He meant it in the nicest possible way

From USA Today:

Charles Stanley, senior pastor of First Baptist Church of Atlanta, rose to address about 3,000 worshipers gathered for the 9 a.m. service Sunday and cut right to the point.
“He’s probably the kindest pope I’ve ever known in all my years,” said Stanley, who became senior pastor of the now 15,000-member church in 1971. “He’s the only one who’s every apologized for the persecution that Catholics have brought upon other peoples.”

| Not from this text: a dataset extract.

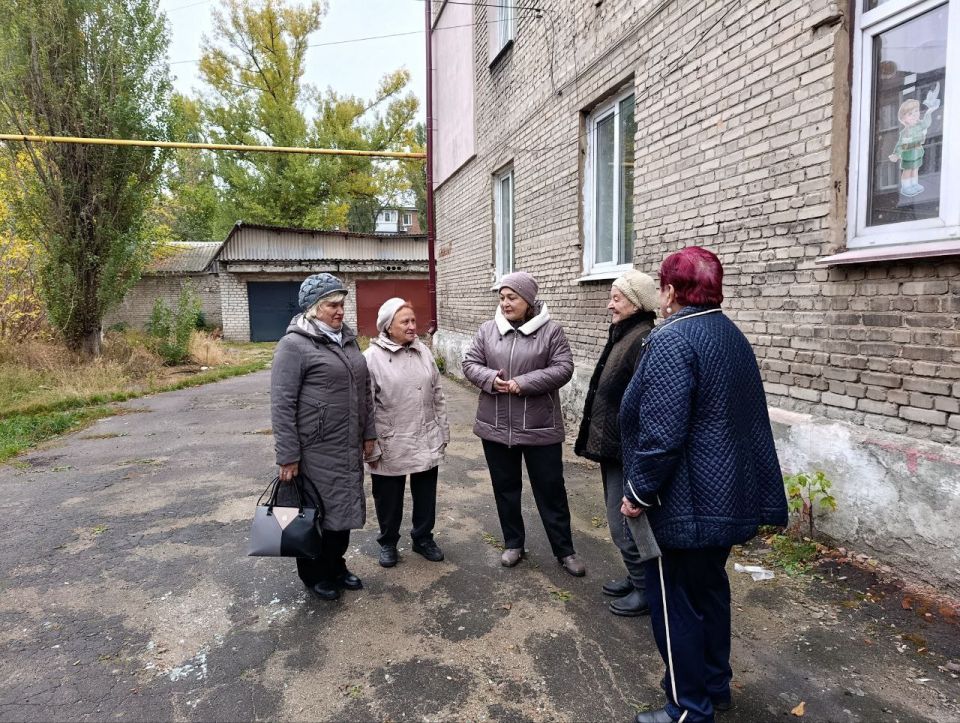 ВСТРЕЧИ С ЖИТЕЛЯМИ. 12 ноября 2025 года депутаты Ясиноватского муниципального совета Донецкой Народной Республики от фракции «Единая Россия» Елена Асаул и Ирина Евсюкова провели встречу с жителями ВСТРЕЧИ С ЖИТЕЛЯМИ. 12 ноября 2025 года депутаты Ясиноватского муниципального совета Донецкой Народной Республики от фракции «Единая Россия» Елена Асаул и Ирина Евсюкова провели встречу с жителями
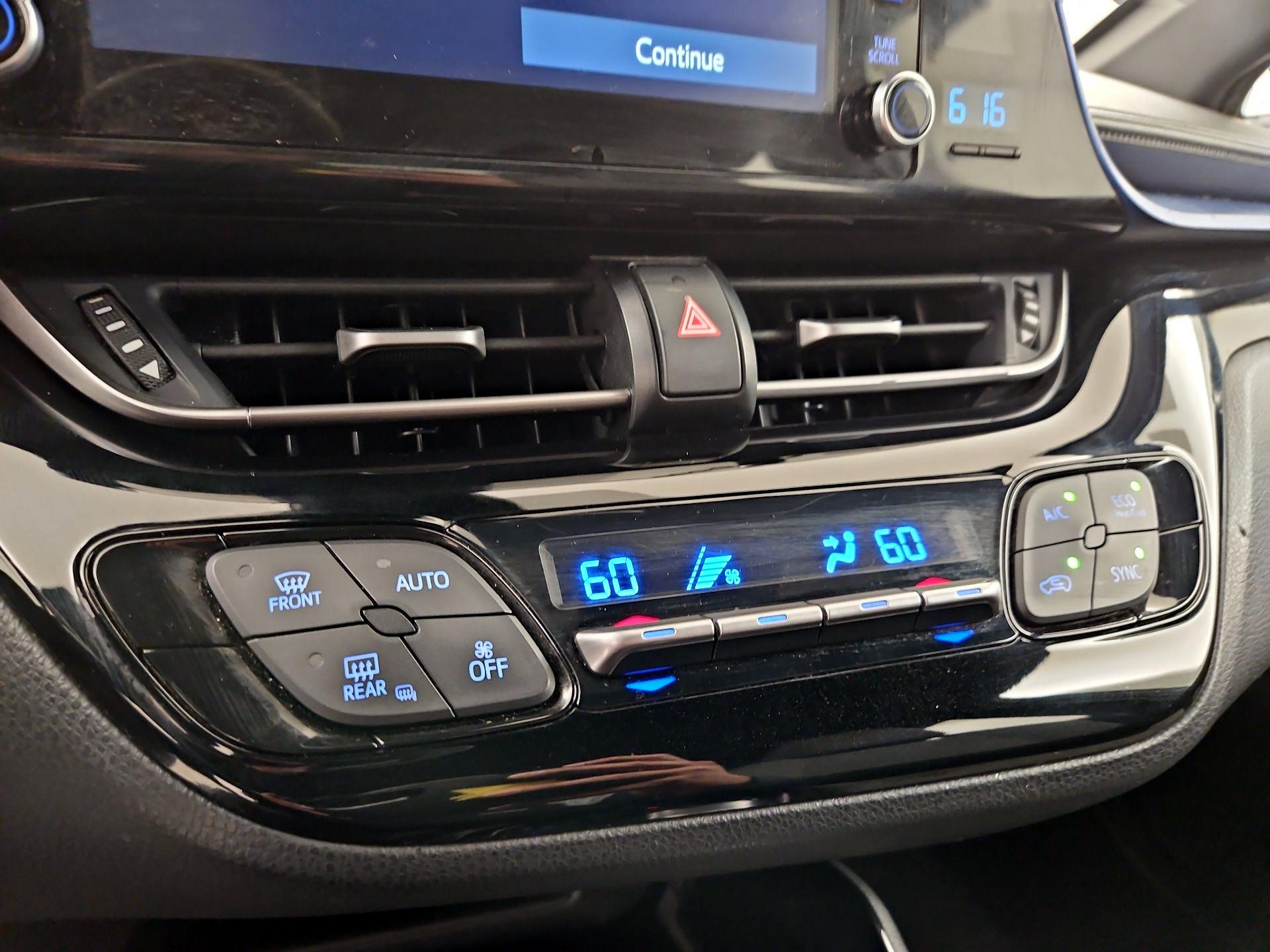 Thumbnail: 2019 Toyota C-HR - 16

This was a little tactless, ya gotta admit. It makes Dr. Stanley sound as if the injustices of religious persecution had all been committed on one side. Does he need to look up from his copy of Foxe’s Book of Martyrs and notice the Reformation-inspired persecution of Catholics? Has anybody volunteered yet to express regret before God and man for the martyrdoms, say, of English and Irish Catholics? How about that of St. Fidelis in Switzerland? I don’t know if it’s been done — I hope somebody’s done it — but it would at least be a good thing.

4 comments

  1. Most evangelicals I know are sad at his passing. Most flags are at half mast.
    But I did hear a rather snide comment followed by the other person’s cackle yesterday. That was certainly conduct unbecoming.
    As for him, I don’t fear for him! I fear for us, now that he’s gone. I don’t think that the coming years will be kind to us.

  2. Ol’ Chuck’s an interesting fellow.
    “Listen! Listen…”
    He was the source of a minor SBC scandal when he and his wife of who knows how many years finally divorced. He had originally said that he didn’t believe a divorced man should be pastor and that if it ever happened to him, he would step down. That…just didn’t happen. Chuck? Did you listen, listen to yourself?